◆ What you will do
The answer consists solely of the lines running from the one with "Anatomiczny Model Nogi" through the final line below, transcribed exactly and without any pictures.

◆ Excerpted data

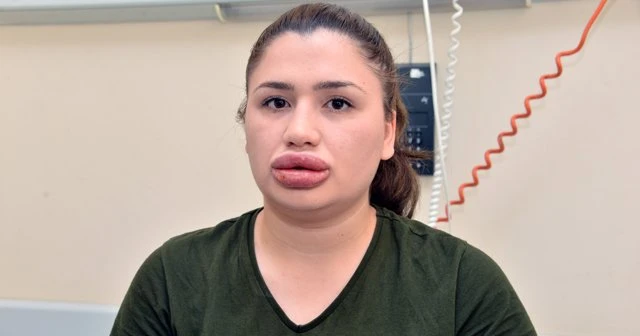Estetik Magduru Hemsirenin Tedavisi Tamamlandi 1495547884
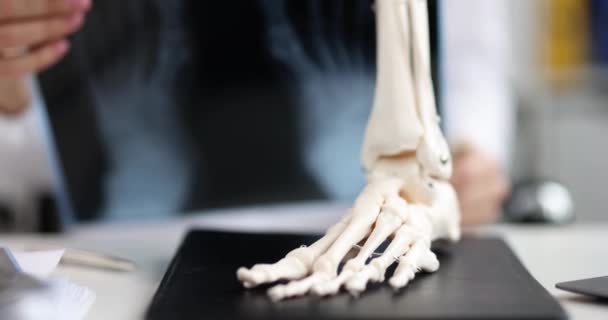 Anatomiczny Model Nogi Stole Zbliżenie Konsultacja Chirurgiem Traumatologiem — Wideo stockowe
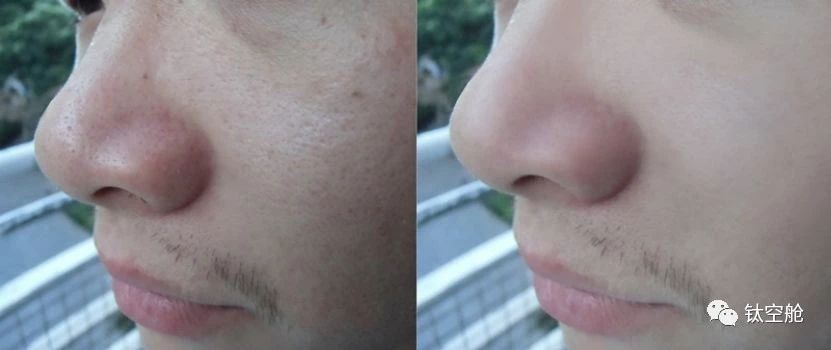 磨人的小妖精，看我怎么消灭你，它堪称黑头收割机，还能嫩肤美肤｜小话题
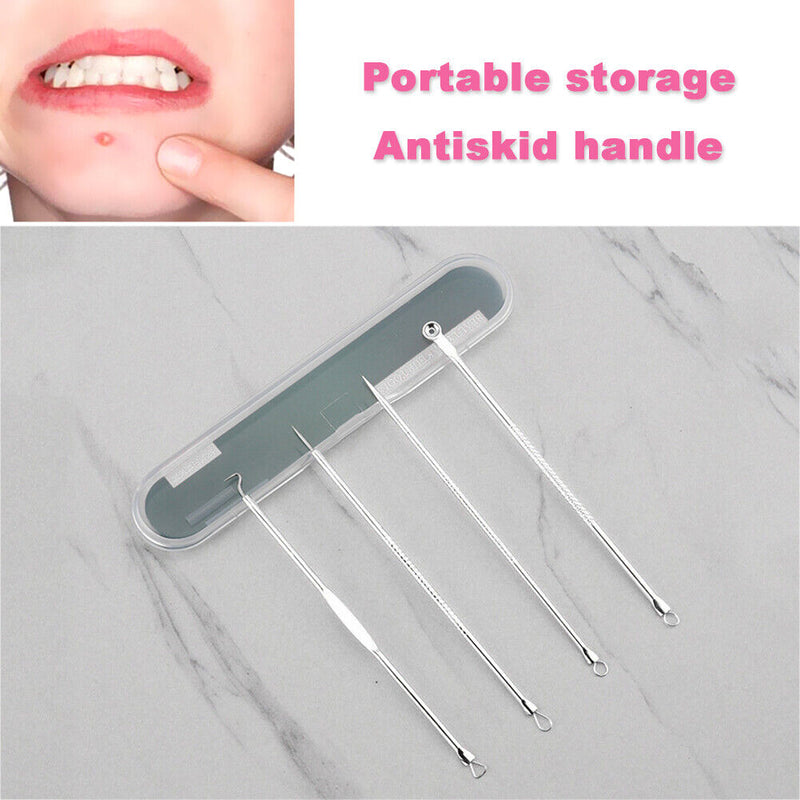 4pcs Durable Acne Needle Hook Set Pimple Spot Cleaning Needle Beauty Care Tool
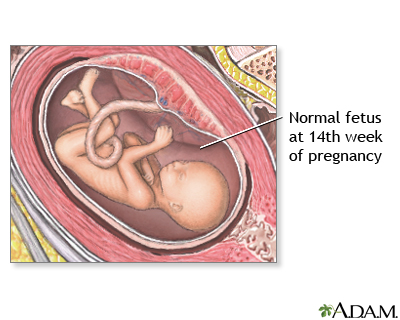14 Week Old Fetus 14 Week Old Fetus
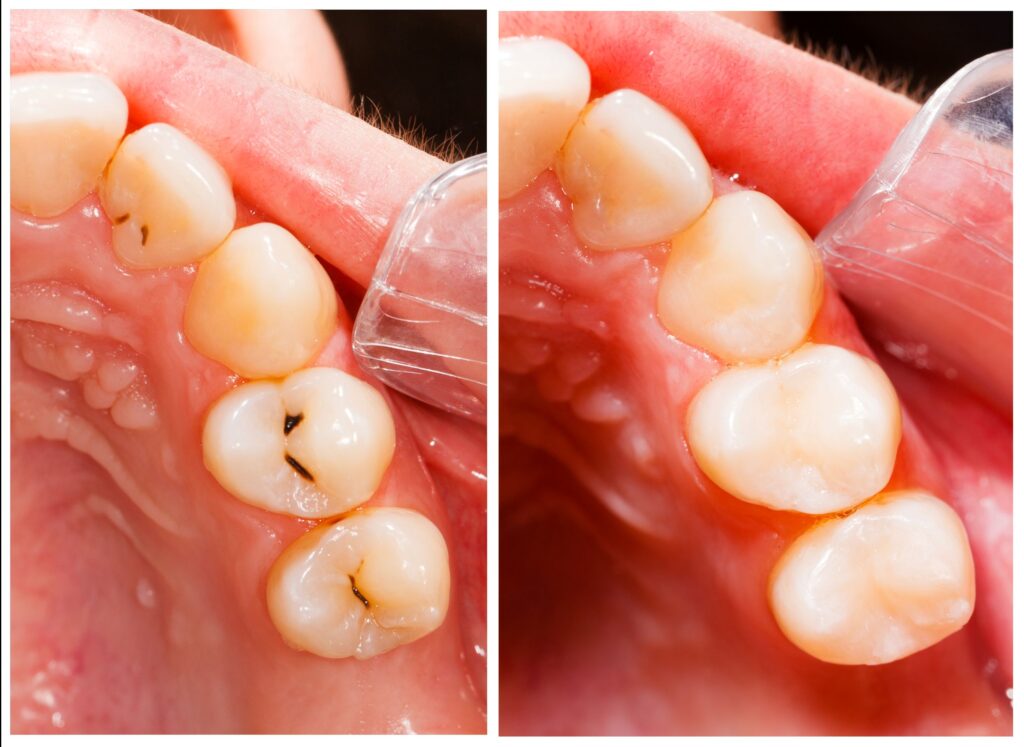 A tooth before and after getting a tooth-colored composite resin filling.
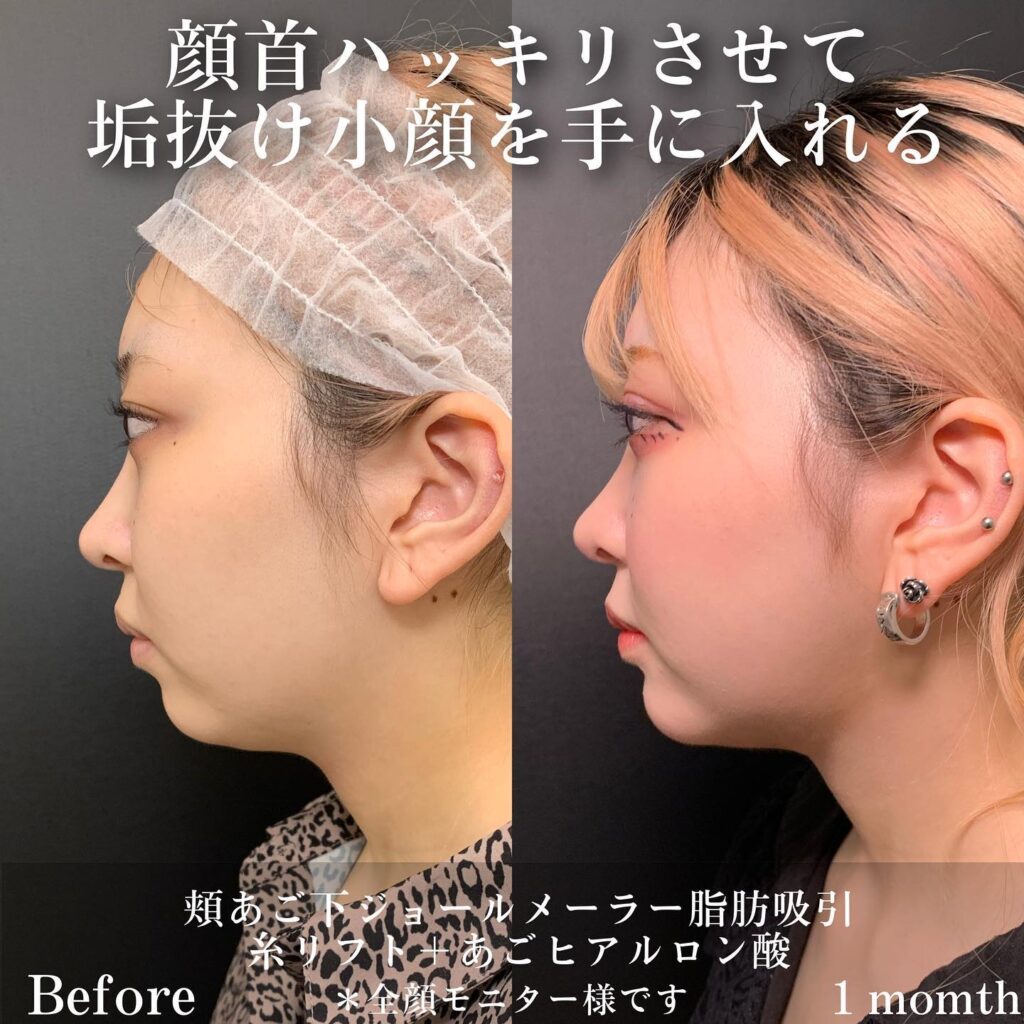 ジョールファットと顔の脂肪吸引の症例写真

◆ Solution to this task
 Anatomiczny Model Nogi Stole Zbliżenie Konsultacja Chirurgiem Traumatologiem — Wideo stockowe
 磨人的小妖精，看我怎么消灭你，它堪称黑头收割机，还能嫩肤美肤｜小话题
 4pcs Durable Acne Needle Hook Set Pimple Spot Cleaning Needle Beauty Care Tool
14 Week Old Fetus 14 Week Old Fetus
 A tooth before and after getting a tooth-colored composite resin filling.
 ジョールファットと顔の脂肪吸引の症例写真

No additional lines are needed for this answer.